Mr. Lebovitch was co-lead counsel in a challenge to Xerox's acquisition of ACS, which settled on the eve of trial for a $69 million cash payment to ACS shareholders. In In re Amylin Shareholders Litigation, he prosecuted a case of first impression challenge to the legal validity of "Proxy Puts" - contractual provisions that are common in corporate debt agreements and that allegedly undermine shareholders' voting rights. In addition, he prosecuted self-interested actions by the CEO of Landry's Restaurants, Inc., resulting in a settlement requiring a nearly 60% increase in a proposed takeover price, as well as a $14.5 million cash fund for Landry's shareholders who sold their shares when the CEO's alleged misconduct became public. Mr. Lebovitch also served as co-lead trial attorney in the landmark case challenging the Airgas board's use of a poison pill.
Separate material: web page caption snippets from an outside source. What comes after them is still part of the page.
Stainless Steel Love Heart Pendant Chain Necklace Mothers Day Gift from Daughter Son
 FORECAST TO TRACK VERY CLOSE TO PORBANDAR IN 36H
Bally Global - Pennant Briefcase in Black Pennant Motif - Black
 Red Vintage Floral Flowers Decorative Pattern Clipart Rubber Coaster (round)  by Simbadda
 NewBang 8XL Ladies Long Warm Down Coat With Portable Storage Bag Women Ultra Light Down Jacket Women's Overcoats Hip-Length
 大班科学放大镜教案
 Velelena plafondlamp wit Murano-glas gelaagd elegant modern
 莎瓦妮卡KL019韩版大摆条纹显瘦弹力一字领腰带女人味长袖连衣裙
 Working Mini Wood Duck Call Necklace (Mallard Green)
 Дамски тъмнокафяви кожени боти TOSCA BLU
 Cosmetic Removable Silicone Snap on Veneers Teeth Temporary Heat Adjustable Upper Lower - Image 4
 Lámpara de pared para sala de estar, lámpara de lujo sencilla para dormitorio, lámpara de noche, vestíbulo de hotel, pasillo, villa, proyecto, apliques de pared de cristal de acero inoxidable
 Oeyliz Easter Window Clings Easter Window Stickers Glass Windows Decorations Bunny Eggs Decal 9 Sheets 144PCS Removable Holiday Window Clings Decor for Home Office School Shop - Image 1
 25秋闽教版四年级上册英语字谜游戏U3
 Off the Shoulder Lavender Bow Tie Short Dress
Previously, Mr. Lebovitch represented public pension systems seeking to vindicate shareholder voting rights allegedly infringed by Yahoo!, Inc.'s employee severance plan and by unique standstill provisions used in the private equity buyout of Ceridian Corporation. He obtained up to $57 million for shareholders of Dollar General Stores, and has helped obtain higher prices and meaningful corporate governance improvements in suits arising from, among other things, the hostile takeover battles over Caremark Rx, Inc., CBOT Holdings, Inc., Longs Drug Stores, Inc., and Anheuser-Busch Companies, Inc.
Mr. Lebovitch also prosecutes securities litigations, and in that capacity was the lead litigation attorney in In re Merrill Lynch Bondholders Litigation, which settled for $150 million, and is currently a member of the team prosecuting In re Bank of America Securities Litigation.
In recognition for his many achievements, Mr. Lebovitch was named one of Lawdragon's 2011 "500 Leading Lawyers in America." Mr. Lebovitch is a co-chair of the ABA Business Law Committee's Subcommittee on Delaware Law, and is a member of the Board of Advisors for the Institute for Law and Economics. He is an author and a frequent speaker and commentator at industry events and continuing legal education programs on a wide range of corporate governance and securities related issues. He has taught at the Schulich School of Business in Toronto and at Harvard Law School on corporate governance issues. His prior publications include "Making Order Out of Chaos: A Proposal To Improve Organization and Coordination in Multi-Jurisdictional Merger-Related Litigation;" "'Novel Issues' or a Return to Core Principles? Analyzing the Common Link Between the Delaware Chancery Court's Recent Rulings in Option Backdating and Transactional Cases" (NYU Journal of Law & Business, Volume 4, Number 2); "Calling a Duck a Duck: Determining the Validity of Deal Protection Provisions in Merger of Equals Transactions" (2001 Columbia Business Law Review 1) and "Practical Refinement" (The Daily Deal, January 2002), each of which discussed evolving developments in the law of directors' fiduciary duties.
Mr. Lebovitch clerked for Vice Chancellor Stephen P. Lamb on the Court of Chancery of the State of Delaware, and was a litigation associate at Skadden, Arps, Slate, Meagher & Flom in New York, where he represented clients in a variety of corporate governance, commercial and federal securities matters.